- _Task prompt_
When you return the data, keep each character exactly as it appears.

- _Material provided_
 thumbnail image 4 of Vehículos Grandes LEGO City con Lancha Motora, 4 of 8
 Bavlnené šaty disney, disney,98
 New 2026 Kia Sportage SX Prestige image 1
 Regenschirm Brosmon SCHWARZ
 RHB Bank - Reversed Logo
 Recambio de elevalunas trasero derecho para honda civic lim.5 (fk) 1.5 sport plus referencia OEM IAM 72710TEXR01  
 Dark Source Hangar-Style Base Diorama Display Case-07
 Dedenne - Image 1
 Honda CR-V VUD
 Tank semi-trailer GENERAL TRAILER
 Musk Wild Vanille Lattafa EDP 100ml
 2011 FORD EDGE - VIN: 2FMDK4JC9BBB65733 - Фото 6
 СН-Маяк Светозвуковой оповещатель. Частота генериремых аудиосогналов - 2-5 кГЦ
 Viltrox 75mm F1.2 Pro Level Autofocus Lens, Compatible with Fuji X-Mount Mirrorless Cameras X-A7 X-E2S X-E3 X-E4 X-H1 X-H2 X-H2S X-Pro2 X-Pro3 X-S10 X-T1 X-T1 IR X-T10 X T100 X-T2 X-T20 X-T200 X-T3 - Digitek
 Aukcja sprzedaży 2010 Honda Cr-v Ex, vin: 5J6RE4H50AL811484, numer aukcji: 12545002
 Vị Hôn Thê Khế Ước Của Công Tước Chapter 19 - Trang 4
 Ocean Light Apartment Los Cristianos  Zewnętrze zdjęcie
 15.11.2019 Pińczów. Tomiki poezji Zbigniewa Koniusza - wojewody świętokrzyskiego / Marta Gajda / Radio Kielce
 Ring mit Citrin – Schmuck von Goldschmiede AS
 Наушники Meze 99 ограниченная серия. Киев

- _Exercise result_
 thumbnail image 4 of Vehículos Grandes LEGO City con Lancha Motora, 4 of 8
 Bavlnené šaty disney, disney,98
 New 2026 Kia Sportage SX Prestige image 1
 Regenschirm Brosmon SCHWARZ
 RHB Bank - Reversed Logo
 Recambio de elevalunas trasero derecho para honda civic lim.5 (fk) 1.5 sport plus referencia OEM IAM 72710TEXR01  
 Dark Source Hangar-Style Base Diorama Display Case-07
 Dedenne - Image 1
 Honda CR-V VUD
 Tank semi-trailer GENERAL TRAILER
 Musk Wild Vanille Lattafa EDP 100ml
 2011 FORD EDGE - VIN: 2FMDK4JC9BBB65733 - Фото 6
 СН-Маяк Светозвуковой оповещатель. Частота генериремых аудиосогналов - 2-5 кГЦ
 Viltrox 75mm F1.2 Pro Level Autofocus Lens, Compatible with Fuji X-Mount Mirrorless Cameras X-A7 X-E2S X-E3 X-E4 X-H1 X-H2 X-H2S X-Pro2 X-Pro3 X-S10 X-T1 X-T1 IR X-T10 X T100 X-T2 X-T20 X-T200 X-T3 - Digitek
 Aukcja sprzedaży 2010 Honda Cr-v Ex, vin: 5J6RE4H50AL811484, numer aukcji: 12545002
 Vị Hôn Thê Khế Ước Của Công Tước Chapter 19 - Trang 4
 Ocean Light Apartment Los Cristianos  Zewnętrze zdjęcie
 15.11.2019 Pińczów. Tomiki poezji Zbigniewa Koniusza - wojewody świętokrzyskiego / Marta Gajda / Radio Kielce
 Ring mit Citrin – Schmuck von Goldschmiede AS
 Наушники Meze 99 ограниченная серия. Киев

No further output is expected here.